- **Brief**: Determine which lines of the records include the word "LUTA", and copy them.

====== Exercise data

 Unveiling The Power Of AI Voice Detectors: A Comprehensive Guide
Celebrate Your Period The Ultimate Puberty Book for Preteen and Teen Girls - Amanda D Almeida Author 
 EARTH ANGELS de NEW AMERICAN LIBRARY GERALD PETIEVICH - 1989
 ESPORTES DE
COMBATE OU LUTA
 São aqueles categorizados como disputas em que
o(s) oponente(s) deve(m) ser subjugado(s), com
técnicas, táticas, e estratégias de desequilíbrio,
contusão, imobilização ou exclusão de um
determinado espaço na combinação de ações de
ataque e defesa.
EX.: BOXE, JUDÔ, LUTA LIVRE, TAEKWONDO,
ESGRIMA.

============
====== Exercise data

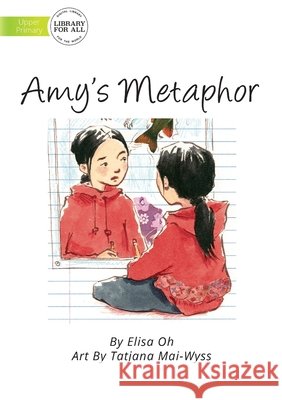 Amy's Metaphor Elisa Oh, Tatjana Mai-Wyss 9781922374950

============
====== Exercise data

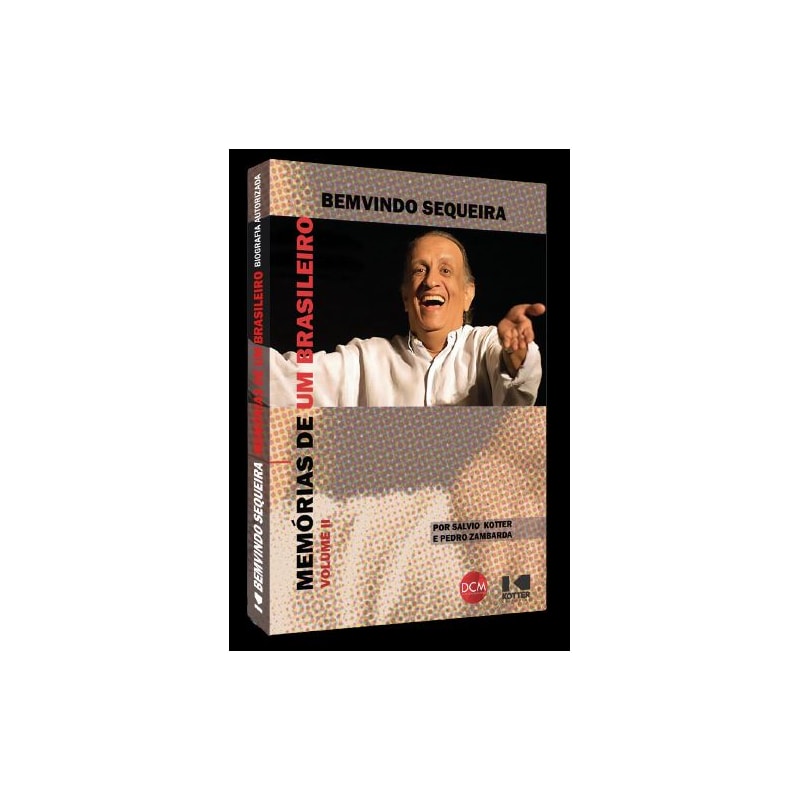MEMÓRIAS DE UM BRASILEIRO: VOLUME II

============

- **Solved exercise**:
COMBATE OU LUTA
EX.: BOXE, JUDÔ, LUTA LIVRE, TAEKWONDO,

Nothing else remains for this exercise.